Datenanalyse und Dampfmaschinen

Astronomische Teleskope werden immer empfindlicher, die Analyseverfahren immer raffinierter. Brauchen moderne Verfahren zur Bildrekonstruktion in der Astronomie neue theoretische Ansätze? Nicht unbedingt, eine alte Theorie, die zum Verständnis von Dampfmaschinen entwickelt wurde, vermag dies auch: die Thermodynamik. Zwei Forscher am Max-Planck-Institut für Astrophysik haben nun gezeigt, wie die seit mehr als hundert Jahren bekannte Gibbs-Energie der Thermodynamik zur Entwicklung neuer optimaler bildgebende Verfahren verwendet werden kann.

Abb. 1: Die Entwicklung von leistungsstarken Dampfmaschinen während der industriellen Revolution hat von der Theorie der Thermodynamik profitiert.
Bildnachweis: linkPfeilExtern.gifBy Lardner, Dionysius and by F.A. Brockhaus, Berlin und Wien [beide Public domain], via Wikimedia Commons

Abb. 2: Himmelsbild des galaktischen Magnetfeldes gesehen durch den Faraday-Rotationseffekt von Radiostrahlung (oben) und eine Karte der statistischen Bildfehler dieses Bildes (unten). Das Bild wurde aus etwa 38.000 Einzelmessungen mit einem mathematischen Verfahren zusammengesetzt, welches mittels der Gibbs-Energie hergeleitet wurde.
Ursprüngliche Daten: NVSS Katalog und Taylor et al. (2010).
Bildrekonstruktion: Oppermann et al. (2010)

“Wat is en Dampfmaschin? Da stelle mer uns mal janz dumm...”
(Die Feuerzangenbowle, 1944)

Im Inneren von Dampfmaschinen herrscht das molekulare Chaos. Die Positionen und Geschwindigkeiten der unzähligen Moleküle in einem Dampfkessel sind im Einzelnen unmöglich zu berechnen. Wenn ein Ingenieur sich nun aber für die typischen Geschwindigkeiten dieser Moleküle interessiert, um zum Beispiel den Druck in einem Dampfkessel zu bestimmen, so kann er die Thermodynamik zu Hilfe nehmen. Diese Theorie berechnet derartige globale Größen zuverlässig, wobei sie elegant die unglaublich komplizierte Dynamik der einzelnen Molekülbewegungen mit statistischen Argumenten vereinfacht.

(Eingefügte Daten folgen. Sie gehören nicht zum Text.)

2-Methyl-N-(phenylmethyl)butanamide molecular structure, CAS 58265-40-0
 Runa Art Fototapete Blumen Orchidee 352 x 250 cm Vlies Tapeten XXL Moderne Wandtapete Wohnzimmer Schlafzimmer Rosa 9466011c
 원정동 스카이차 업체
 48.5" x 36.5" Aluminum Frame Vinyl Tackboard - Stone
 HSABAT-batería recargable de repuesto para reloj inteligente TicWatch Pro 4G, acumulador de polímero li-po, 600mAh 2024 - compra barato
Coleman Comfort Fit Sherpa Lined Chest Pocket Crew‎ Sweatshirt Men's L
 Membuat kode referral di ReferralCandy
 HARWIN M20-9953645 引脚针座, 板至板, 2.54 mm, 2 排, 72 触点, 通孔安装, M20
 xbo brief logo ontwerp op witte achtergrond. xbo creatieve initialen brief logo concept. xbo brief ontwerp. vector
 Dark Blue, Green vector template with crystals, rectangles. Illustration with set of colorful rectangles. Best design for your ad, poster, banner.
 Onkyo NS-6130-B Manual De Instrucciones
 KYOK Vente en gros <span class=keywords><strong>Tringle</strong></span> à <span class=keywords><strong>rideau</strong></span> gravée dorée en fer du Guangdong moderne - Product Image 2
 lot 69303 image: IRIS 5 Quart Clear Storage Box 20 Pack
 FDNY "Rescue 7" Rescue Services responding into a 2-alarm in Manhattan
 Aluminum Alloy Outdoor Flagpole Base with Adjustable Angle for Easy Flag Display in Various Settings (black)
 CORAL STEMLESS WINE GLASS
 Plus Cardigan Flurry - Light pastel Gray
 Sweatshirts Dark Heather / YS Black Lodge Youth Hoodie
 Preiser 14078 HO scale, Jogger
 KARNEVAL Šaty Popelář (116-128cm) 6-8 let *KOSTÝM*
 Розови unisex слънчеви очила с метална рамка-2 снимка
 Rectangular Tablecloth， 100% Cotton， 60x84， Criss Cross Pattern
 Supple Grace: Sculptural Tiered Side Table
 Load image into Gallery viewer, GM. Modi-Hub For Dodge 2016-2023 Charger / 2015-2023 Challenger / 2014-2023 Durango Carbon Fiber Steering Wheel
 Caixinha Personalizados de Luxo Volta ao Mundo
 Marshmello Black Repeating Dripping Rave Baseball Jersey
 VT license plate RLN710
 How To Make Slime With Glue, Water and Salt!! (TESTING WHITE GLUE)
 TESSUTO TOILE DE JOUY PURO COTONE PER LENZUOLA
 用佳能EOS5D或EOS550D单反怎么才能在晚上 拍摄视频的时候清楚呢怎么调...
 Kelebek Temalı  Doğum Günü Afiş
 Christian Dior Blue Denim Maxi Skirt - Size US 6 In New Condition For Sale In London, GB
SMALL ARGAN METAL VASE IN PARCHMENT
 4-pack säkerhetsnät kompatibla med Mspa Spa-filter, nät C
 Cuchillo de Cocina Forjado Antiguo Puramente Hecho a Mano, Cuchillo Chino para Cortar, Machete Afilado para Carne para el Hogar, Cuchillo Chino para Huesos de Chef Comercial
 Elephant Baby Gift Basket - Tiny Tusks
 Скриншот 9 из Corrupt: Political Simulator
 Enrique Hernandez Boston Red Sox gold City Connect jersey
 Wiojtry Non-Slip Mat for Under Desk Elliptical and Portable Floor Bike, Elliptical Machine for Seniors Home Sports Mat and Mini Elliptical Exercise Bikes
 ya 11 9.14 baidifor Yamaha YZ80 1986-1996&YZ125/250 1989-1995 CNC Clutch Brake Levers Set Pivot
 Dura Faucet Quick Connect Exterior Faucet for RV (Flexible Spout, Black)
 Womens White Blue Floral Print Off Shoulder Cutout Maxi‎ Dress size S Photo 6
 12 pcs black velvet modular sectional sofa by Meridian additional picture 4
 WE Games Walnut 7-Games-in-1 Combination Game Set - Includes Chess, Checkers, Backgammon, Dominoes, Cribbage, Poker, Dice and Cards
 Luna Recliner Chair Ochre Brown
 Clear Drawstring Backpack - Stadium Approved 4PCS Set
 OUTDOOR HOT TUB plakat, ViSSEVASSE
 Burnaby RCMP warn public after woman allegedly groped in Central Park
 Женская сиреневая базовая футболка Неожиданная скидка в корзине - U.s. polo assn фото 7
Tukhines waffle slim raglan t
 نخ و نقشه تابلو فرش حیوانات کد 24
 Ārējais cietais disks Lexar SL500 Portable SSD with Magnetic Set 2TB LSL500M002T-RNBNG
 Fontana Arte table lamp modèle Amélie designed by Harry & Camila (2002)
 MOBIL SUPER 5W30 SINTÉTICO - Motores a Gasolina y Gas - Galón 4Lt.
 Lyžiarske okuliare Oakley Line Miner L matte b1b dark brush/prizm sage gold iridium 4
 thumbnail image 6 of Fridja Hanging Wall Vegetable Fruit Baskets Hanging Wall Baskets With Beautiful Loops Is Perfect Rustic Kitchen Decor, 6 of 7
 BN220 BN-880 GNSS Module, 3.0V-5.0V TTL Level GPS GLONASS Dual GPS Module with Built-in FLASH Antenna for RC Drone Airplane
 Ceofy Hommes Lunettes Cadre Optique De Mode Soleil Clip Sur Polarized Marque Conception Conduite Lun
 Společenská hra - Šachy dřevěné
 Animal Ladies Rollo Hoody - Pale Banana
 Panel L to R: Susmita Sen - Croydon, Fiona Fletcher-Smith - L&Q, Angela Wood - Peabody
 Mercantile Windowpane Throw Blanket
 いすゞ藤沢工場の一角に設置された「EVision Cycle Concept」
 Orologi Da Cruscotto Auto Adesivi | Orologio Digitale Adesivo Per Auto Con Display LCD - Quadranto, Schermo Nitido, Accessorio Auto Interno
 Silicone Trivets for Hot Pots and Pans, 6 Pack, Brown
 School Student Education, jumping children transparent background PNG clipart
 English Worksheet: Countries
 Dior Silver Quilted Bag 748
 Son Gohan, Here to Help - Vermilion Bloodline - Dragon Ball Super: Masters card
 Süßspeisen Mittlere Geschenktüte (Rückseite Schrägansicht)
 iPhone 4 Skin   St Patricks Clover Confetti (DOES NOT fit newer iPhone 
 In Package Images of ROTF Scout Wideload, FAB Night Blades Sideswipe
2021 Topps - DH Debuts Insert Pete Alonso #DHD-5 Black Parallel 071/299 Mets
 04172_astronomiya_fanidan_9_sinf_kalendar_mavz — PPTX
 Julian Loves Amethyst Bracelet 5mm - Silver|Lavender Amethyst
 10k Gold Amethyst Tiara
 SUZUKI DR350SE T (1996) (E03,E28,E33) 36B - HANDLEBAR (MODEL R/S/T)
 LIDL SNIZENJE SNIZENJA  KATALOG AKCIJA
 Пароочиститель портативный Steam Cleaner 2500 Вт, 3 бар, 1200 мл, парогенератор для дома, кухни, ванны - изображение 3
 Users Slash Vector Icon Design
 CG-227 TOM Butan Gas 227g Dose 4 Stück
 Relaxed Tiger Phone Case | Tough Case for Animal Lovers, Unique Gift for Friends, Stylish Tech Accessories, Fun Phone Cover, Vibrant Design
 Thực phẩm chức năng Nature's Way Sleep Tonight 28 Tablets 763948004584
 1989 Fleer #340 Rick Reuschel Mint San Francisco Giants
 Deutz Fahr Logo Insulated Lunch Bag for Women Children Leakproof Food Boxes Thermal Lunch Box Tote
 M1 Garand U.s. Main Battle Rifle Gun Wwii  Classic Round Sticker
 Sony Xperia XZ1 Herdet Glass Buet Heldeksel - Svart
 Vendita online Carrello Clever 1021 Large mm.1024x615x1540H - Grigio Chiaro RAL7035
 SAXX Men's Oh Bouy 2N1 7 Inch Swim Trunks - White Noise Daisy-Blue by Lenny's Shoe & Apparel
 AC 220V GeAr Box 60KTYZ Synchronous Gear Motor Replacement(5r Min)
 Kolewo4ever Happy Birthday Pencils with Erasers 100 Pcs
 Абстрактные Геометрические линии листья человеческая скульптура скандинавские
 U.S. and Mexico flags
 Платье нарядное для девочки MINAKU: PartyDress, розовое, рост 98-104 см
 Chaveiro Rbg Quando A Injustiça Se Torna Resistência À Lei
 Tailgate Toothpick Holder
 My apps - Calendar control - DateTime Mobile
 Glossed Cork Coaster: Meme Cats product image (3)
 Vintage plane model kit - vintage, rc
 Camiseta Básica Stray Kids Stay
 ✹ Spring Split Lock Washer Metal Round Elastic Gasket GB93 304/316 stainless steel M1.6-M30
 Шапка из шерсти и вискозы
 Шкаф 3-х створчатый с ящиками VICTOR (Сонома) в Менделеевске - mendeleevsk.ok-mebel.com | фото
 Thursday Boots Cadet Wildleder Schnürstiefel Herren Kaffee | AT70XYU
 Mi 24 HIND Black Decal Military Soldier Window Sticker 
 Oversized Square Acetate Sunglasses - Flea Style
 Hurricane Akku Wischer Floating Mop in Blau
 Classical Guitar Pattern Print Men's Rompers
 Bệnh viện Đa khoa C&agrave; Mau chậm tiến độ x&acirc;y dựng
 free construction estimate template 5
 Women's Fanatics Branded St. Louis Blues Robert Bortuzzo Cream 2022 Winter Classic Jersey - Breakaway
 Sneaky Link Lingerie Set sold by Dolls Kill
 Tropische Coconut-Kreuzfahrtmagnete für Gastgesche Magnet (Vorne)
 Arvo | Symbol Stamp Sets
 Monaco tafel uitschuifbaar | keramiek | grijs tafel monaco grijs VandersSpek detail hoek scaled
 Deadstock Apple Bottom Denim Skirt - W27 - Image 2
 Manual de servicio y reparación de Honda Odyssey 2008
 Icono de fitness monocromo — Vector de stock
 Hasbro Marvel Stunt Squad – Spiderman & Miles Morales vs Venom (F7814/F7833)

Wenn moderne Astronomen mit ihren Teleskopen Licht aus den Tiefen des Weltalls einfangen, um Bilder des Himmels bei verschiedenen Wellenlängen anzufertigen, so hat dies mit den typischen Anwendungen der Thermodynamik auf den ersten Blick nur wenig zu tun. Doch auch hier gibt es Unsicherheiten, denen man nur mit statistischen Methoden beikommen kann: die Helligkeit des Himmel muss an jedem der theoretisch unendlich vielen Bildpunkte bestimmt werden, die Beobachtungsdaten sind allerdings oft grobkörnig, verwaschen, durch Rauschen gestört, fast immer unvollständig und in jedem Fall endlich. Intelligente Methoden sind daher nötig, um aus den Teleskopdaten ein möglichst getreues Abbild des Himmels zu machen.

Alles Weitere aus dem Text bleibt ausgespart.